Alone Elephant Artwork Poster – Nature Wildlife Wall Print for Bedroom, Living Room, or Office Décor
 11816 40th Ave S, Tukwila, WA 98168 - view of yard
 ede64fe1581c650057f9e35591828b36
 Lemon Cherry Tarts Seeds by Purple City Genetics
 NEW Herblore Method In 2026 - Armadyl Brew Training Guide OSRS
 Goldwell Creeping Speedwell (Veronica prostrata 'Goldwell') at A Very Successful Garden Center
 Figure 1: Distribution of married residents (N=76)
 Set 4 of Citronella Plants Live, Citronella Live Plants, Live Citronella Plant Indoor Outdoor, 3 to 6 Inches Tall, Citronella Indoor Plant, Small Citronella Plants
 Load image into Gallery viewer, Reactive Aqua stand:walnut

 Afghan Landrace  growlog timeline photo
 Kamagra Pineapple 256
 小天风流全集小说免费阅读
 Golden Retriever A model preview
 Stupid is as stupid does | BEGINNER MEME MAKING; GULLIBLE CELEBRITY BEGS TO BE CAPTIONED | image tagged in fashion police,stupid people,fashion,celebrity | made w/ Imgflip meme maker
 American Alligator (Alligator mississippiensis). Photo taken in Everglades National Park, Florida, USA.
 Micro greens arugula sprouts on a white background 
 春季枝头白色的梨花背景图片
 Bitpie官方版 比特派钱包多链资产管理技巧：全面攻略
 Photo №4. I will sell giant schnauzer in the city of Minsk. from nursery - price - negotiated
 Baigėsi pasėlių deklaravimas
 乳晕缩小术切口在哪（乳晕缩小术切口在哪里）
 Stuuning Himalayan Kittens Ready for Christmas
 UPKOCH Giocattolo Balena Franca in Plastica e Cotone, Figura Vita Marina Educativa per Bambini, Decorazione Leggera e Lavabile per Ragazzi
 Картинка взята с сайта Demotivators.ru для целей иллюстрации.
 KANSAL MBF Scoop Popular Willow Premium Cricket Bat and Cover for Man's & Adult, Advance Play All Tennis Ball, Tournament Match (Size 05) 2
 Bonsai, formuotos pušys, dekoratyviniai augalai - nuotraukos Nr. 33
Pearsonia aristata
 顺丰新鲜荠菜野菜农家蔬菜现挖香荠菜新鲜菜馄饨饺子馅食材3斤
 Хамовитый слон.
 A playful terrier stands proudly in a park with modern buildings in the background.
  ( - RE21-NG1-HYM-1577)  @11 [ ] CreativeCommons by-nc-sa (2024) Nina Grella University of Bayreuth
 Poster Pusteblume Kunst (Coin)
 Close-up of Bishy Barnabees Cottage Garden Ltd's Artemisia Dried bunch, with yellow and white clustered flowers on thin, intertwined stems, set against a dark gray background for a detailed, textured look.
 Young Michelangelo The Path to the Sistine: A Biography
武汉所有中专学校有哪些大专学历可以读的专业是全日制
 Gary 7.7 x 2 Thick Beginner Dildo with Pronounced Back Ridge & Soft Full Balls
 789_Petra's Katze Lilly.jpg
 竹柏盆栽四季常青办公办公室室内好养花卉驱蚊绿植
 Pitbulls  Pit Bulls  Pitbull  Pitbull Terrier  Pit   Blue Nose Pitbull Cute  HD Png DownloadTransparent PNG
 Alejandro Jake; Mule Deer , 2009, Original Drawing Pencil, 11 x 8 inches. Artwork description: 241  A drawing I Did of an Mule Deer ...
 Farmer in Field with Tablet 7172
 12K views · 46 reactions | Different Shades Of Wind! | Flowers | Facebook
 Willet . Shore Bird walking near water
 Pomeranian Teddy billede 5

Task details -> As the answer, set down only the lines from the data above between the one holding "小天风流全集小说免费阅读" and the one holding "竹柏盆栽四季常青办公办公室室内好养花卉驱蚊绿植", inclusive, exactly as they read.

Answer box ->
 小天风流全集小说免费阅读
 Golden Retriever A model preview
 Stupid is as stupid does | BEGINNER MEME MAKING; GULLIBLE CELEBRITY BEGS TO BE CAPTIONED | image tagged in fashion police,stupid people,fashion,celebrity | made w/ Imgflip meme maker
 American Alligator (Alligator mississippiensis). Photo taken in Everglades National Park, Florida, USA.
 Micro greens arugula sprouts on a white background 
 春季枝头白色的梨花背景图片
 Bitpie官方版 比特派钱包多链资产管理技巧：全面攻略
 Photo №4. I will sell giant schnauzer in the city of Minsk. from nursery - price - negotiated
 Baigėsi pasėlių deklaravimas
 乳晕缩小术切口在哪（乳晕缩小术切口在哪里）
 Stuuning Himalayan Kittens Ready for Christmas
 UPKOCH Giocattolo Balena Franca in Plastica e Cotone, Figura Vita Marina Educativa per Bambini, Decorazione Leggera e Lavabile per Ragazzi
 Картинка взята с сайта Demotivators.ru для целей иллюстрации.
 KANSAL MBF Scoop Popular Willow Premium Cricket Bat and Cover for Man's & Adult, Advance Play All Tennis Ball, Tournament Match (Size 05) 2
 Bonsai, formuotos pušys, dekoratyviniai augalai - nuotraukos Nr. 33
Pearsonia aristata
 顺丰新鲜荠菜野菜农家蔬菜现挖香荠菜新鲜菜馄饨饺子馅食材3斤
 Хамовитый слон.
 A playful terrier stands proudly in a park with modern buildings in the background.
  ( - RE21-NG1-HYM-1577)  @11 [ ] CreativeCommons by-nc-sa (2024) Nina Grella University of Bayreuth
 Poster Pusteblume Kunst (Coin)
 Close-up of Bishy Barnabees Cottage Garden Ltd's Artemisia Dried bunch, with yellow and white clustered flowers on thin, intertwined stems, set against a dark gray background for a detailed, textured look.
 Young Michelangelo The Path to the Sistine: A Biography
武汉所有中专学校有哪些大专学历可以读的专业是全日制
 Gary 7.7 x 2 Thick Beginner Dildo with Pronounced Back Ridge & Soft Full Balls
 789_Petra's Katze Lilly.jpg
 竹柏盆栽四季常青办公办公室室内好养花卉驱蚊绿植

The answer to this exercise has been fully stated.